Orman, saçlarınızın nasıl göründüğüyle ilgilenmez. Dağlar, makamınızdan etkilenmez. Nehirler, sosyal medyadaki takipçi sayınızı, maaşınızı ya da popülerliğinizi umursamadan akmaya devam eder. Doğa olduğu gibidir, sizi de olduğunuz gibi kabul eder.
Günlerimiz uyurgezerlikle geçiyor, duygularımız uyuşmuş, küçük kozalarımızda yaşıyoruz, ünlülere kendimizden daha fazla ilgi gösteriyoruz, kendi zengin potansiyelimizle hayatlarımızı keşfetmek yerine reklamlara ve sosyal medyaya kapılıyoruz.
Hayranlıkla takip ettiğimiz insanlar, yetersizlik hissimizi tetikler. Bunun nedeni genellikle onları gerçekçi olmayan bir mükemmellik idealiyle yüceltmemizdir.

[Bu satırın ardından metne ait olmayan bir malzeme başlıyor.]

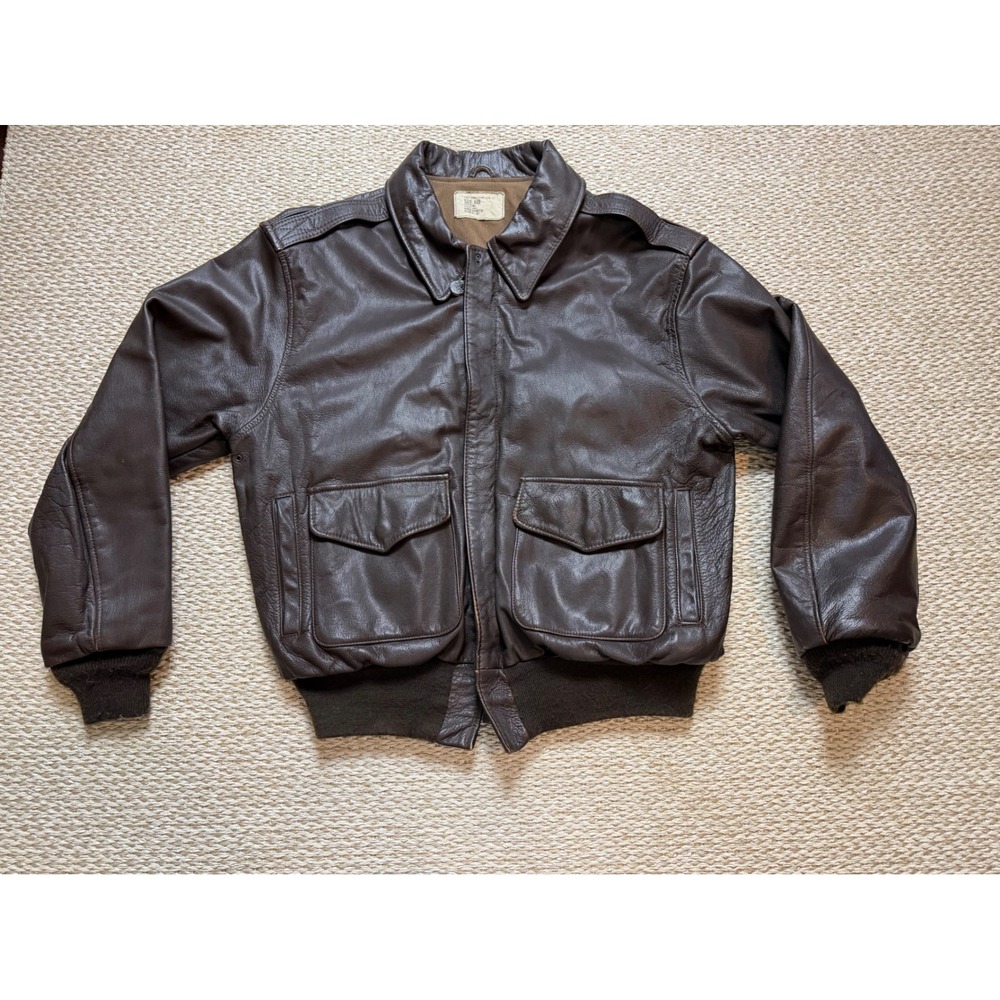 Branded Garments Orchard M/C USAF A-2 Leather Flight Jacket Brown 44R‎ Bomber
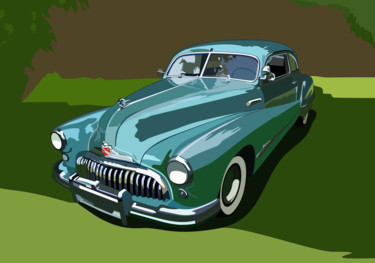 Digital Arts titled "Buick 1948" by Mogyorogyozo, Original Artwork, Digital Painting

"Elinde olmayanı dert etmekle enerjini boşa harcama. O yol seni perişanlığa ve sefilliğe götürür. Bunun yerine hayatında zaten var olan iyiliklere odaklan ve her ne yapıyorsan elinden gelenin en iyisini yap. Bunu yapmanın getirdiği tatminde neşe vardır."